I have a pandas dataframe of some time series data which contains some missing dates. I want to fill these based on the dates in the adjacent rows.
For example, the entries in the dataframe are chronologically ordered thus I know that the two missing dates in the below dataframe must also be 15/3/22 because the above and below entires are both 15/3/22.
Date | Time | etc. |
---|---|---|
15/3/22 | 1:34:40 AM | ... |
NaN | 1:36:18 AM | ... |
NaN | 1:36:20 AM | ... |
15/3/22 | 3:08:23 AM | ... |
Alternatively, when the entries are days apart, you won't be able to tell which date the missing values should be (3/3, 4/3, or 5/3) and thus they should be left as NaN.
Date | Time | etc. |
---|---|---|
03/3/22 | 8:50:15 AM | ... |
NaN | 10:40:00 AM | ... |
NaN | 12:10:40 AM | ... |
05/3/22 | 3:08:23 AM | ... |
How can I do this in Pandas?
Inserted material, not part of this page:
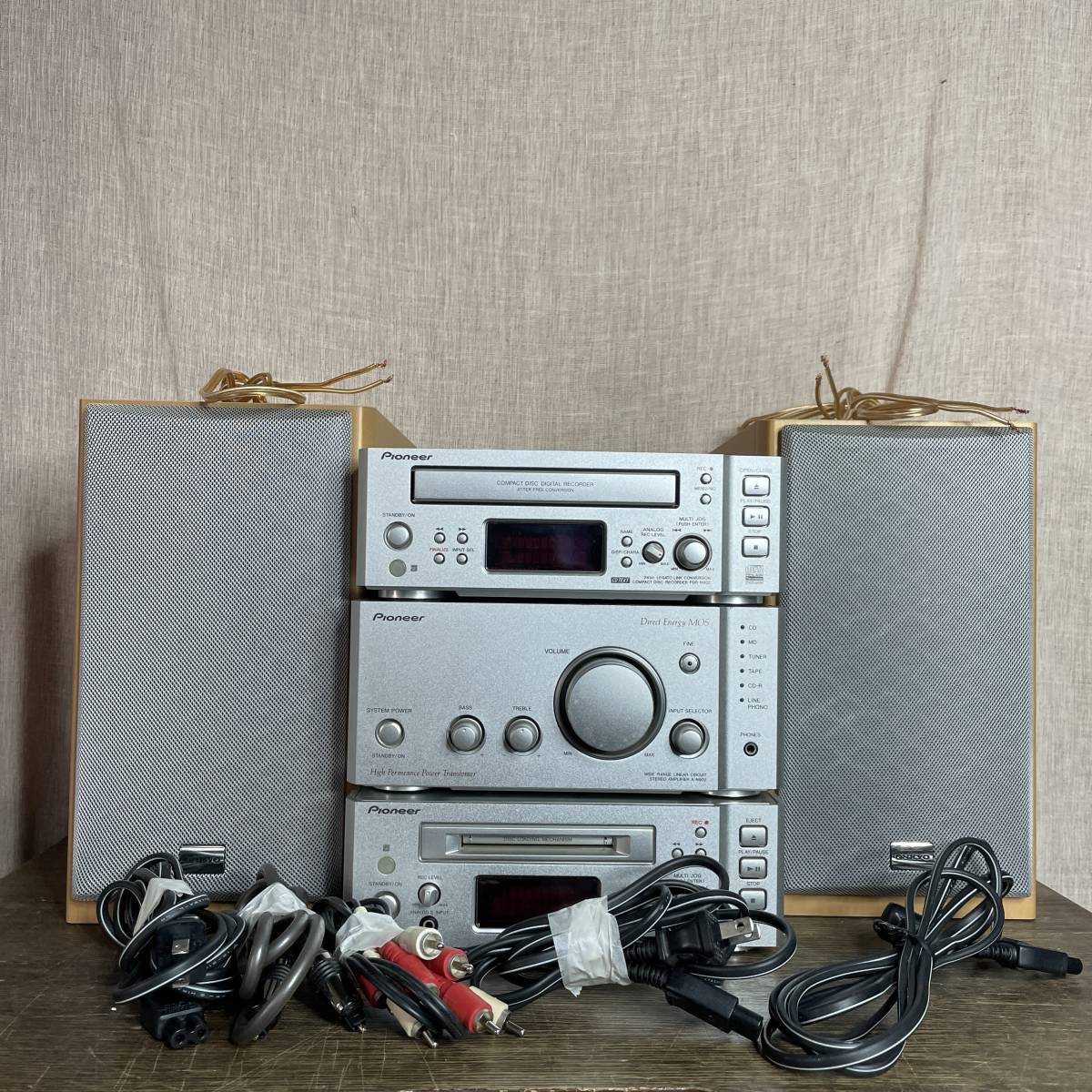 Pioneer FILLシリーズ CD/MD/アンプ A-N902//MJ-N902/PD-N902 スピーカー付 動作OK★保証有（管理ID：4340）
Thanks
Sample code to create the example dataframes:
data1 = [['15/3/22', '1:34:40'], ['', '1:36:18'], ['', '1:36:20'],['15/3/22', '3:08:23']]
data2 = [['03/3/22', '8:50:15'], ['', '10:40:00'], ['', '12:10:40'], ['05/3/22', '3:08:23']]
df1 = pd.DataFrame(data1, columns = ['Date', 'Time'])
df2 = pd.DataFrame(data2, columns = ['Date', 'Time'])
df1['Date'] = pd.to_datetime( df1['Date'], format='%d/%m/%y', errors="coerce" )
df1['Time'] = pd.to_datetime( df1['Time'], format='%H:%M:%S', errors="coerce" )
df2['Date'] = pd.to_datetime( df2['Date'], format='%d/%m/%y', errors="coerce" )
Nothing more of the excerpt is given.